■ WHAT IS NEEDED
Beneath this line are entries. Copy the range from the line with "A Veo billboard" to the line with "City Center Technosport", ends included, exactly; leave pictures out.

■ RECORDS FOR THIS EXERCISE
#####

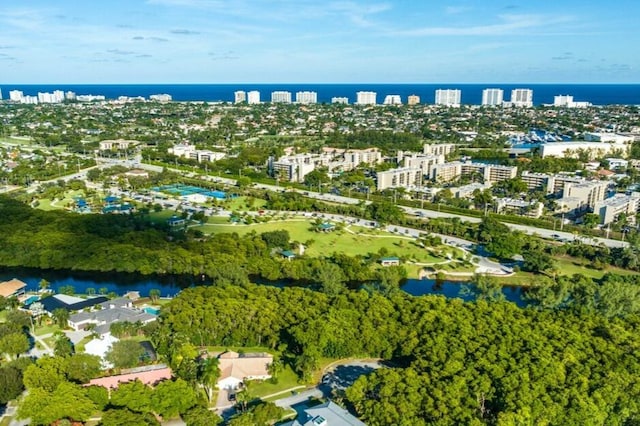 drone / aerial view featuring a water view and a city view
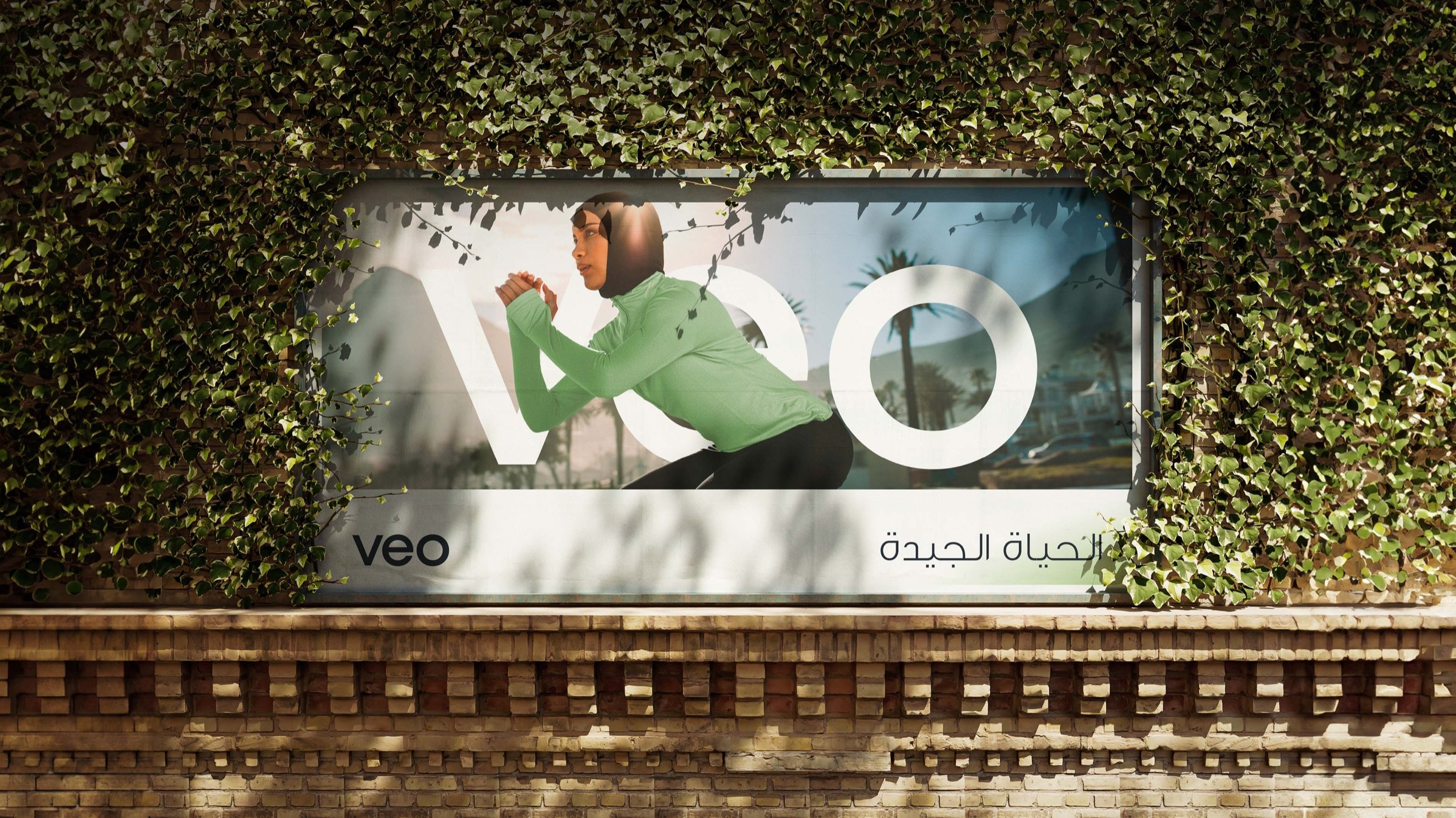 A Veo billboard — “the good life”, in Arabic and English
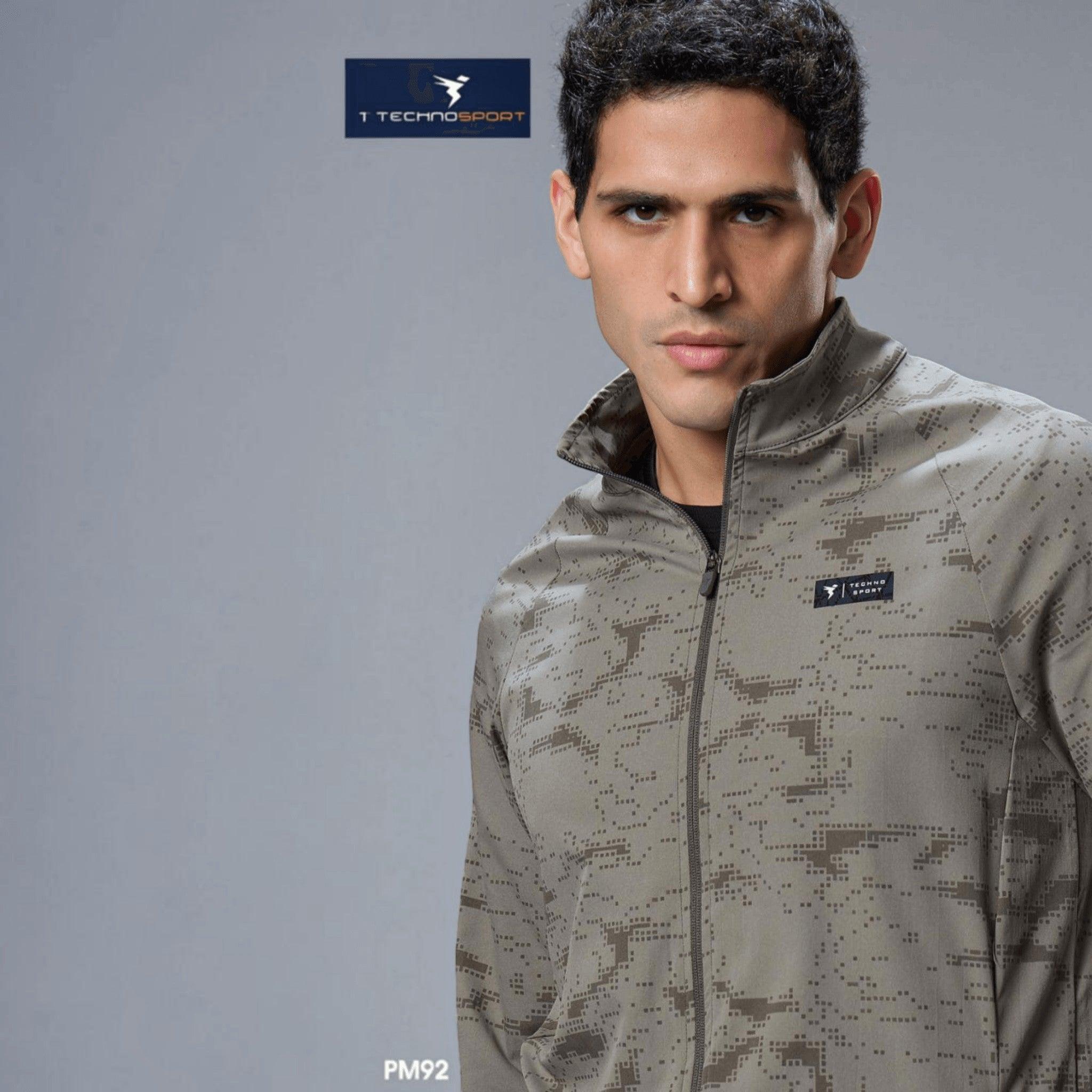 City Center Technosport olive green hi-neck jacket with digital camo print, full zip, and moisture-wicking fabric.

#####

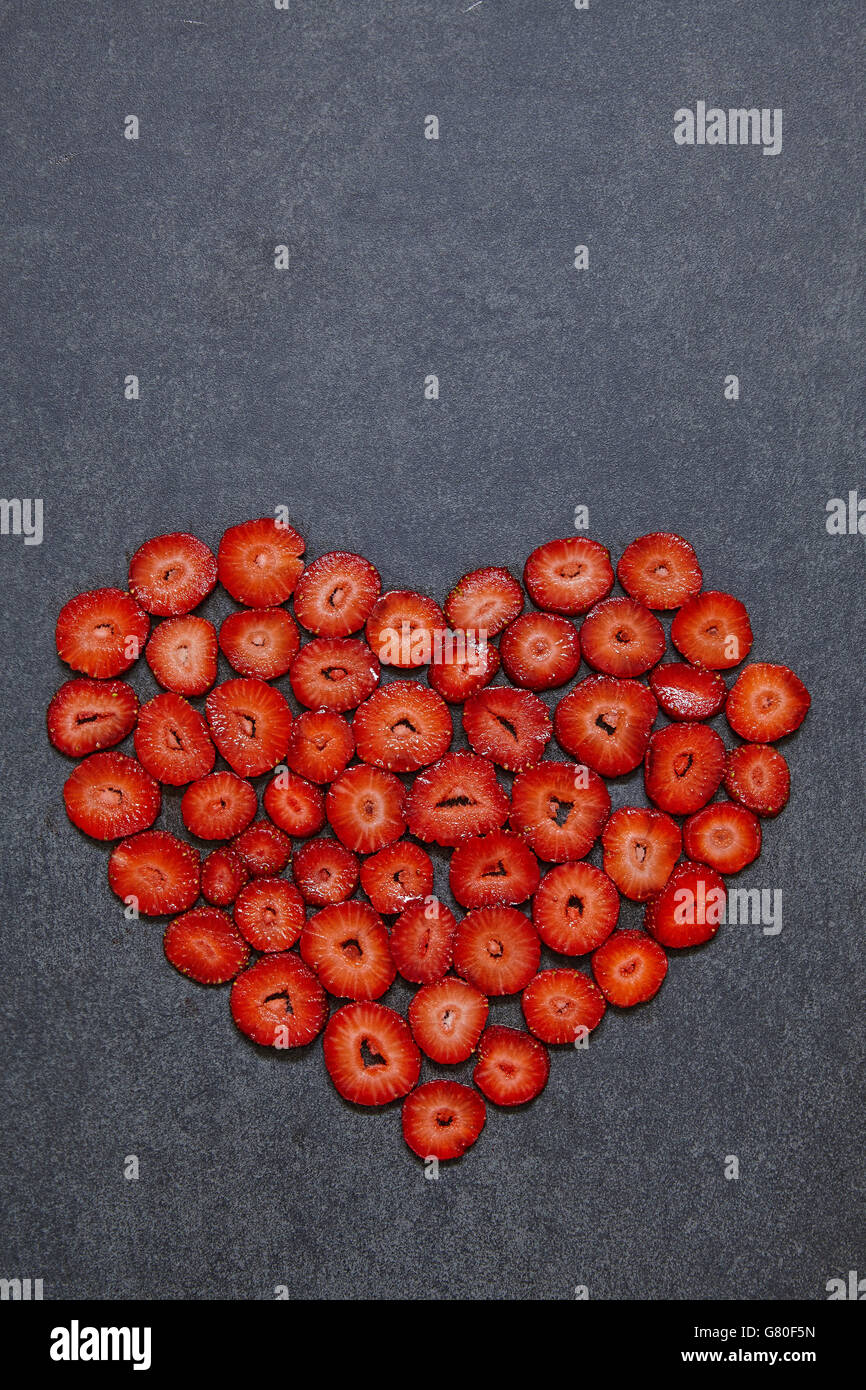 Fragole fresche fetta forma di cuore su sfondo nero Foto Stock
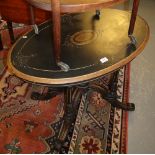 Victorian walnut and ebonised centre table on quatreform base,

#####

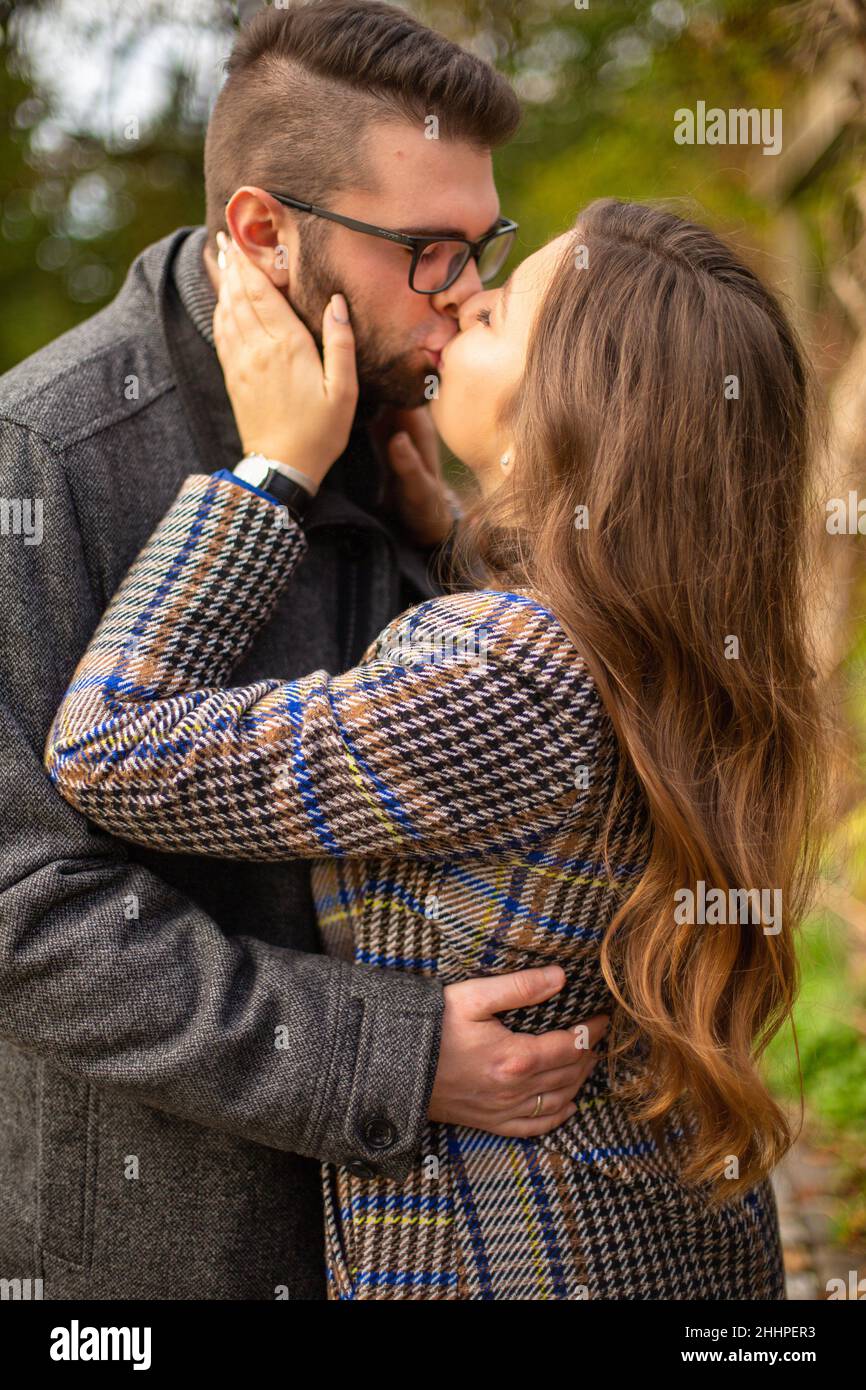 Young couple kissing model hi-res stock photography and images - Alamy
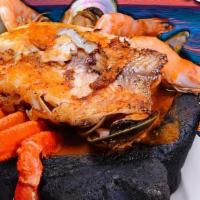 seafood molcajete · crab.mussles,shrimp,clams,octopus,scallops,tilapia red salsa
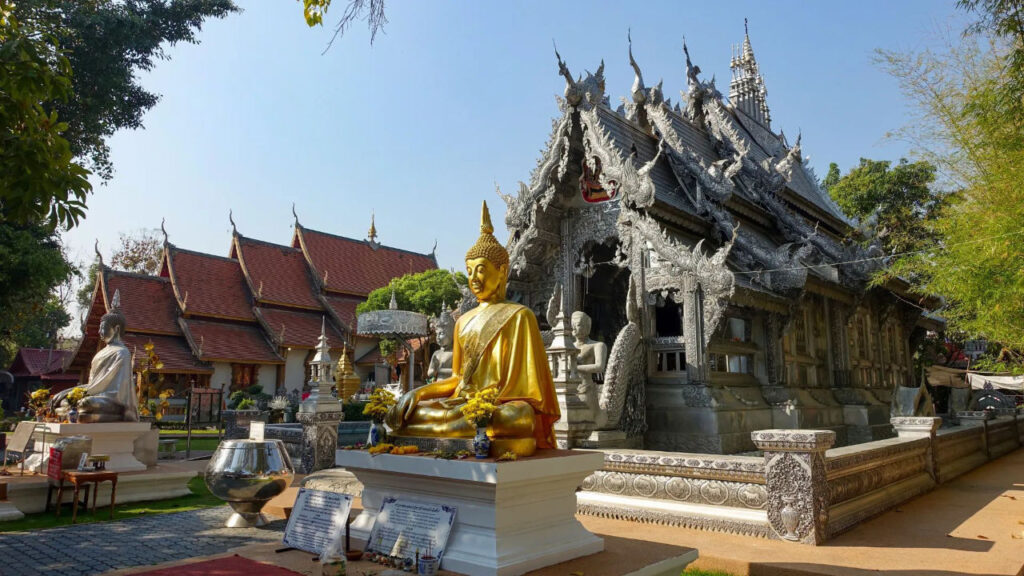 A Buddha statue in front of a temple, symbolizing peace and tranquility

#####

■ FINISHED TASK
 A Veo billboard — “the good life”, in Arabic and English
 City Center Technosport olive green hi-neck jacket with digital camo print, full zip, and moisture-wicking fabric.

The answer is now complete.